The papers and the tv are full of stories about the sharemarket crash on Monday.
There are fears of a global recession, or at least an economic slowdown.
The US situation looks pretty gloomy, despite George Bush announcing some taxcutting policy to keep the spenders spending.
In the UK, the state of the housing market, the government intervention into the Northern Rock finance house is causing jitters.
But i saw somewhere that Australia looks set to be safe as it's economy is strong.
I haven't seen much about New Zealand but the Kiwi dollar seems jumpy.
What about New Zealand? Will New Zealand survive a global downturn or recession?
And if 2008 is tough, what will the impact be politically?
Even in the best economic circumstances in a generation, which we have seen in recent years, Kiwi living standards have barely changed.
Now, we also face higher fuel costs and food prices are rocketing thanks to the Indians and Chinese having the means to eat better and biofuels production taking land out of food production.
It all points to tough times ahead.
How will New Zealand fare and how much will Liarbour get the blame.
For Gordon Brown at least, the omens in Britain are not good.
He has had seven fat years but did not put anything aside for the lean years to come.
At least Michael Cullen can say he has.

1 comment:

reid said...

This is the beginning of a re-orientation in world markets. At the end, European and Asian consumers will have supplanted the US consumer.

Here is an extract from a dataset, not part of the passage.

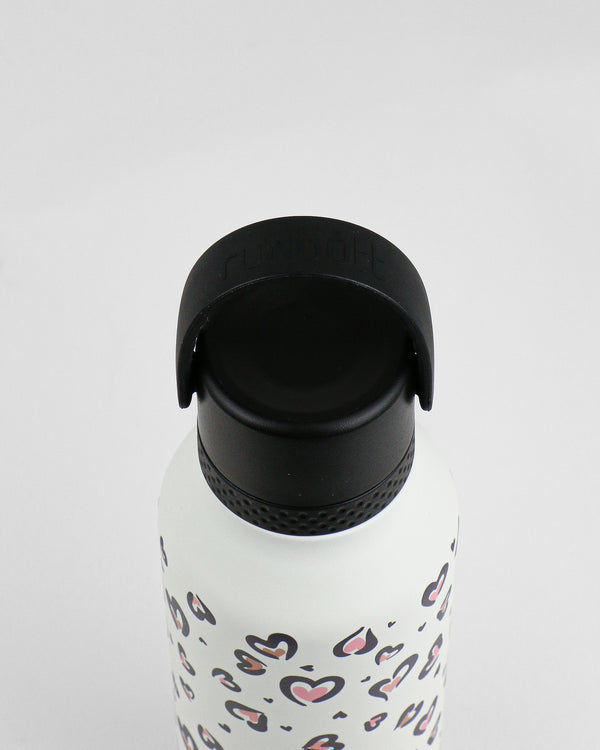 Mii 60 Berreca - Savage Cream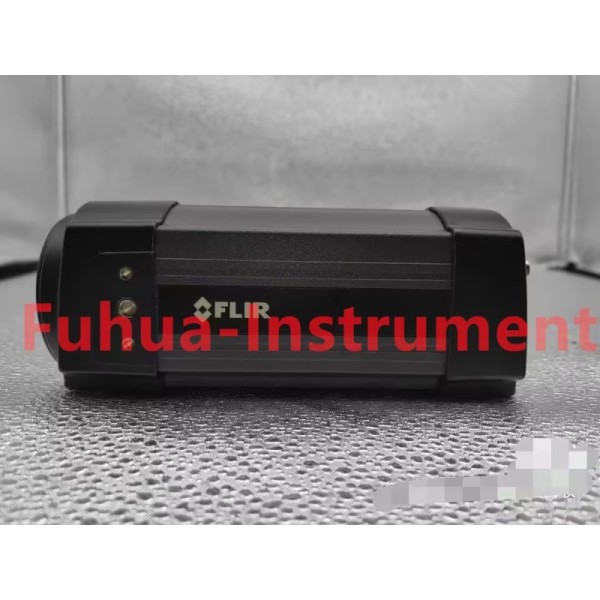 1PC FLIR A310 자동 적외선 열화상 카메라 시리즈 새제품 제품 이미지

What does that mean for us? It depends on our relationships with Asia, of course particularly China, but also ASEAN.

At some point I expect to see if not a hot war at least a cold conflict between China and the US, as China flexes its economic and diplomatic power. We are going to have to make a choice as to whether we stand with the old or run with the new. And if we decide the latter, how do we then relate to Australia, and deal with the unpalatable sides that Asia sometimes displays?

Both options have significant downside, but I don't believe we will be able to avoid the choice by sitting on the fence, and we all know that Asians have very long memories.